GOYO GARCIA (Ribera del Duero)

Goyo Garcia does make some wine in Cantabria, but is certainly best known as a producer of somewhat unusual Ribera wines. I say unusual…I’m known to find the densely tannic and alcoholic wines of this “premium” wine region problematic, but if I tell you that Pierre Overnoy was a great inspiration to Gregorio, you will see that we are plainly dealing with a different kettle of fish.

The regime here is zero intervention, completely natural wines (not that they fit the stereotype when you taste them). Goyo farms just a few hectares of very old co-planted vines, spread over three plots near Roa de Duero, almost smack bang in the middle of the region. The grapes are vinified in a century old  traditional cave cellar, where the wines are kept in old French oak barrels in cool ambient temperatures, to age.

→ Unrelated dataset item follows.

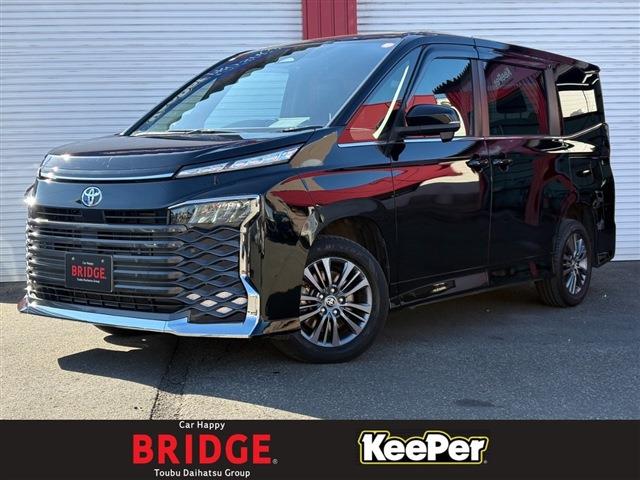 Toyota Voxy 1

Los Quemados 2017 is perhaps the entry level. It still comes from 55-year-old vines in Goyo’s highest parcel at 850 metres asl. It’s mostly Tinta Fino (aka Tempranillo but a variety which occasionally goes under the name of Tinta del Païs here), aged one year in barrel. The night time temperatures can drop 25° here, so the wine is tannic but very fresh. The fruit is elegant too. The 2016 is actually a bit darker than this with a touch more power.

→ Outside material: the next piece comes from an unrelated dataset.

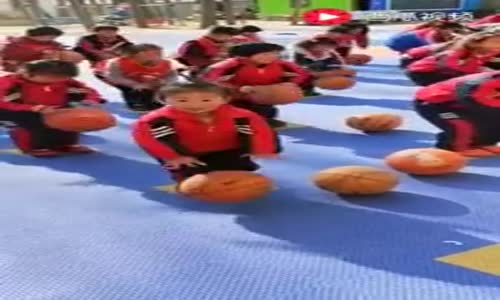 Çinli Bebelerin Basketbol Topu Sektirmesi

Peruco 2014 is from three plots of 100-y-o vines, again Tempranillo which this time spent three years in old oak. The vineyards are sandy and you get a deep spicy bouquet and bags of salinity. This really is remarkably salty-fresh. Uncanny. Valdeolmos 2014 Is a similar wine in many respects, but it comes off limestone and is unquestionably more mineral.

Cobero 2018 This wine comes from the Cantabrian vineyards, 70-80% Mencia with Palomino in a field blend (co-fermented). The vines are at least 100 years old. There is bite and grip here, and 13.5% abv, which only enhances the sheer depth of fruit.

Odd to try last, but Joven 2018 is a typical young cuvée with lifted fruit and totally lacking the chewy oak of the majority of Ribera del Duero, which is why I would recommend it if you see it and need something to glug. It is the only wine here not seeing oak, but it does have a skin maceration of about three months to give a textured dimension, adding interest. What is interesting is that Joven may mean young, but the vines are old, so a young wine from old vines. Classy.

Imported by Vine Trail

ALFREDO MAESTRO TEJERO (Various Regions)

This producer was formed in 1998 at Peñafiel, right in the heart of Ribera de Duero, but has expanded to produce wines, in addition to Ribera, in Gredos, Cigales, (the area immediately north of Valladolid) and to the south of Madrid. This is a producer many don’t know by name but you will almost certainly be familiar with at least one of their labels, most likely the “Red Riding Hood” of the first wine tasted below.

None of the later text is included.